Alex if you read this get in touch will you!

I don't know why they would want to breed retics though,I would think zoos etc had more than enough to go around.


----------



## timfina (Aug 25, 2012)

*Great stuff*

I am very excited about this !! My brother is the curator of Cairns Tropical Zoo and I will be going up there once the Retics hatch . The hatchies are distributed to other Zoos and the like once hatched . Peter , i have met Alex many times and find him to be a passionate , intelligent and nice person who does not mouth of !!!


----------



## Ramsayi (Aug 25, 2012)

timfina said:


> I am very excited about this !! My brother is the curator of Cairns Tropical Zoo and I will be going up there once the Retics hatch . The hatchies are distributed to other Zoos and the like once hatched . Peter , i have met Alex many times and find him to be a passionate , intelligent and nice person who does not mouth of !!!



It's ok timfina,Peter and Alex go way back.


----------



## timfina (Aug 25, 2012)

Oh ok I am just so used to people slagging others off in these threads that i thought it would be a shame if this one ended the same because for some they would prefer to read about reptiles and not who hates who


----------



## Ramsayi (Aug 25, 2012)

timfina said:


> Oh ok I am just so used to people slagging others off in these threads that i thought it would be a shame if this one ended the same because for some they would prefer to read about reptiles and not who hates who



To clear up any misconception he isn't/wasn't slagging him off.He was razzing him,big difference.Anyone that knows both of them would know that.


----------



## timfina (Aug 25, 2012)

Cool , most people would not know both of them so it comes accross as a slagging thats all . Thanks for clearing that up .


----------



## Renenet (Aug 25, 2012)

Ramsayi said:


> To clear up any misconception he isn't/wasn't slagging him off.He was razzing him,big difference.Anyone that knows both of them would know that.

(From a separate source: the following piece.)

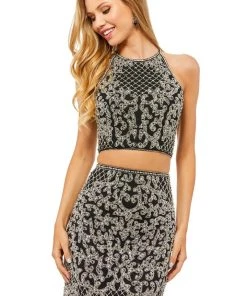 Sherri Hill - 52087 Beaded Two Piece Halter Short Dress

Was wondering about Peter's comment because I know Alex and have never seen him shoot his mouth off. Happy to know it was just razzing.


----------



## longqi (Aug 25, 2012)

timfina said:


> I am very excited about this !! My brother is the curator of Cairns Tropical Zoo and I will be going up there once the Retics hatch . The hatchies are distributed to other Zoos and the like once hatched . Peter , i have met Alex many times and find him to be a passionate , intelligent and nice person who does not mouth of !!!

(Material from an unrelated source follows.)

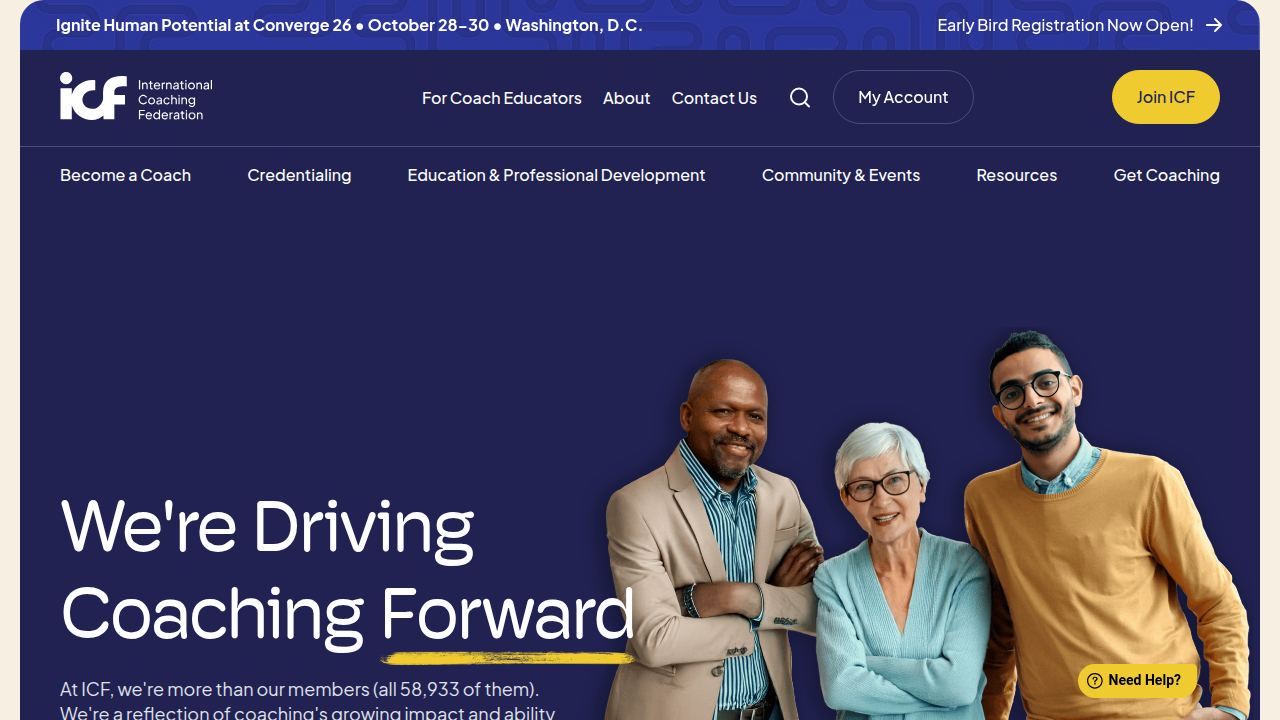 Screenshot of the International Coaching Federation (ICF) website, the leading global organization for professional coaches.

That will be interesting to follow through on
International zoos will have zero interest in Aussie retics because of the cost factor
Very much doubt that there are about 65 places in Australia with the facilities to keep retics secure who dont already have enough retics
[65 to allow for slugs]

My guess would be maybe 10 sent to other places at the maximum and the rest dingo food or experiments in a lab somewhere
But I would be very happy to be proved wrong as I love retics


----------



## ShaneBlack (Aug 25, 2012)

They obviously would have know for a while they were expecting eggs and in that time worked out how many were wanted. They would only incubate enough eggs to satisfy the demand.


----------



## -Peter (Aug 25, 2012)

Alex with one of my snakes and some guy who thought he was Harry Potter.


----------



## Renenet (Aug 25, 2012)

Can't see it, Peter.


----------



## Pauls_Pythons (Aug 25, 2012)

Well I'm not sure who said what or who was miss quoted, (although several sources including sunrise quoted the statement that this is only the 2nd time this python has bred in captivity), but I am 100% certain that retics have been regularly bred in captivity for more than 25yrs just not here in Australia.
I know this because I used to own a pair when I lived in the uk and they certainly were not wild caught.

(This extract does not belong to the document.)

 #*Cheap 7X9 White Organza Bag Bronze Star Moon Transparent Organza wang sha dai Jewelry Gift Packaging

Just take a look at prehistoric pets web site for one to confirm


----------



## borntobnude (Aug 25, 2012)

Just curious , Who has the largest captive snake in OZ ? . is it the reptile park gosford?


----------



## PMyers (Aug 25, 2012)

Dunno about the Harry Potter dude, but it seems that Alex bloke could pass for Bryan Brown... poor bugger :lol:


----------



## JasonL (Aug 25, 2012)

Those big snakes lay that many eggs, they are of no use to anyone in this country though, not really a sort after species.

- - - Updated - - -



ShaneBlack said:


> They obviously would have know for a while they were expecting eggs and in that time worked out how many were wanted. They would only incubate enough eggs to satisfy the demand.



yeah, prob 1


----------



## ilovepythons (Aug 26, 2012)

Hi All,

Rarely look at the forums, but have been notified of this thread and would just like to clear a few things up.

Yes, in typical media fashion some stories from certain media outlets have grossly mis-quoted the statement regarding the 2nd ever captive breeding of Reticulated Pythons. That is of course complete rubbish as we all know they are bred in the thousands annually overseas. The correct quote should have been that Reticulated Pythons have only been bred in AUSTRALIA on 2 or 3 previous occasions (Taronga in the 1980's and Australia Zoo over 10 years ago)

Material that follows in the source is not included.